Current Endeavors and Future Directions
The project is tackling significant challenges:
- Data Shortages: DriveLM-Data provides a robust benchmark, making it easier to study driving scenarios with language components.
- Embodied Applications: GVQA offers new directions for integrating language models in embodied tasks within autonomous vehicles.
- Closed-loop Systems: DriveLM-CARLA explores the closed-loop planning potential, using language to simulate real-world driving scenarios better.
DriveLM-Data
DriveLM-Data supports key tasks across the full stack of autonomous driving tasks by linking perception, prediction, planning, behavior, and motion through a cohesive reasoning process. The dataset provides a unique approach to forming logic-driven QA pairs, thus connecting these tasks seamlessly.
Structure and Content:
- Each Q&A pair forms part of a larger graph, enabling a structured reasoning path.

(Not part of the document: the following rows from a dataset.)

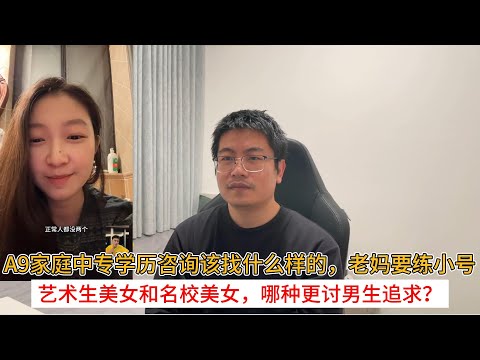A9家庭中专学历咨询该找什么样的,老妈要练小号;艺术生美女和名校美女,哪种更讨男生追求?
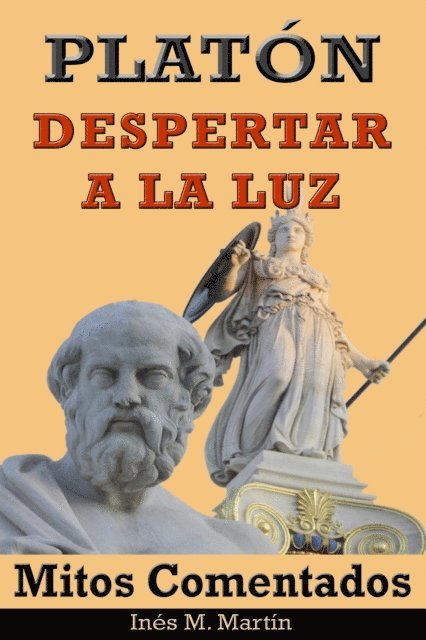 Ines M. Martin - Platon, Despertar a la Luz. Mitos Comentados, E-bok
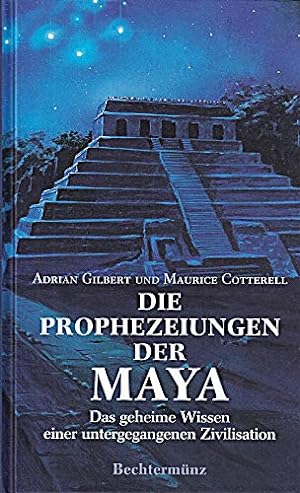 Imagen del vendedor de Die Prophezeiungen der Maya. Das geheime Wissen einer untergegangenen Zivilisation. a la venta por Allguer Online Antiquariat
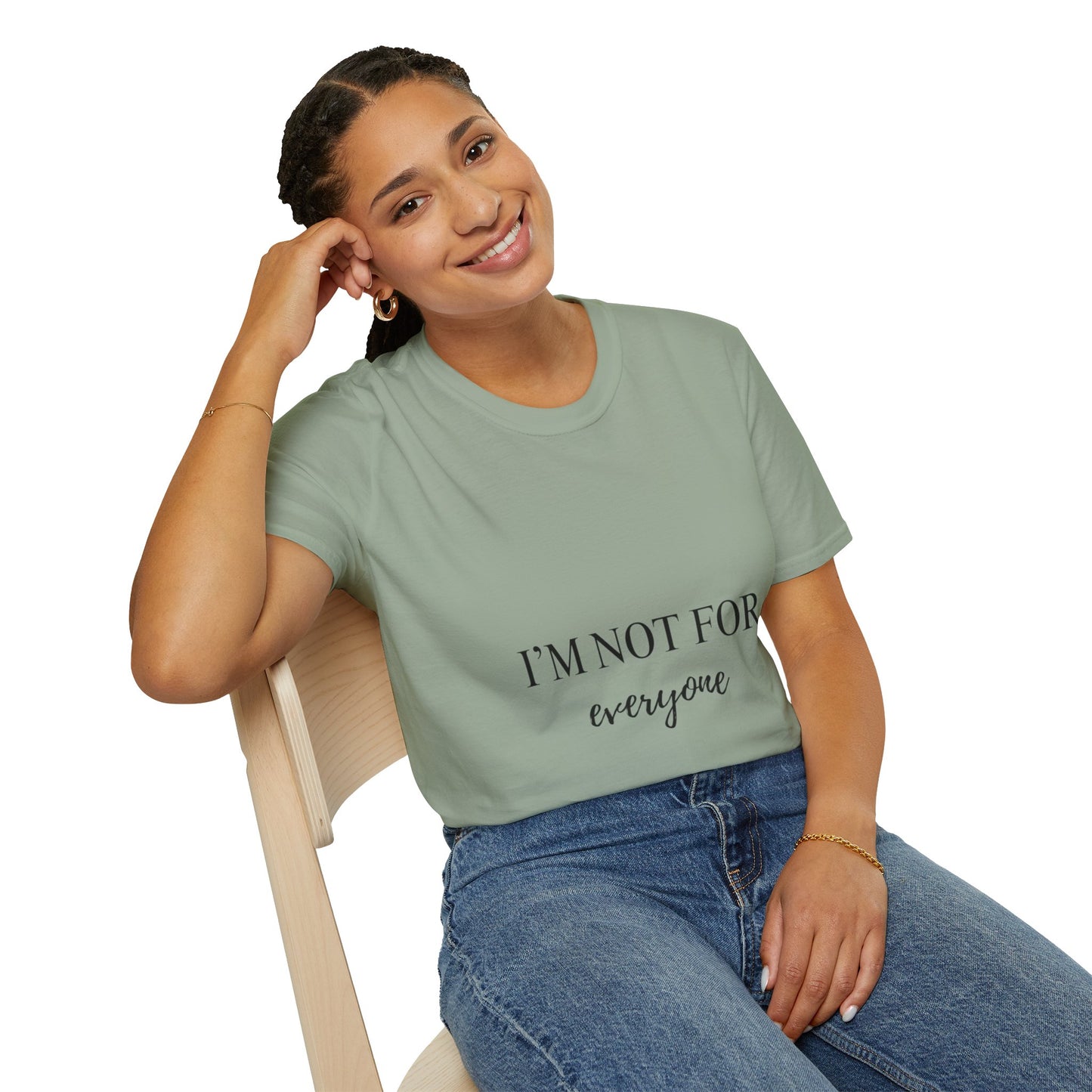 Not For Everyone T-shirt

- Comparisons and statistics indicate DriveLM-Data is the first of its kind to facilitate all driving tasks with structured logical dependencies.
License and Citation
The DriveLM code and assets are licensed under Apache 2.0, while language data comes under a Creative Commons license. Those utilizing this resource for research are encouraged to cite the project to acknowledge its contributions.
Conclusion
DriveLM is groundbreaking in its approach, integrating advanced language reasoning capabilities into autonomous driving systems. By leveraging existing datasets and creating new frameworks for question answering in driving contexts, DriveLM pushes the boundaries of how language and driving systems interact to achieve safer, more reliable autonomous driving solutions.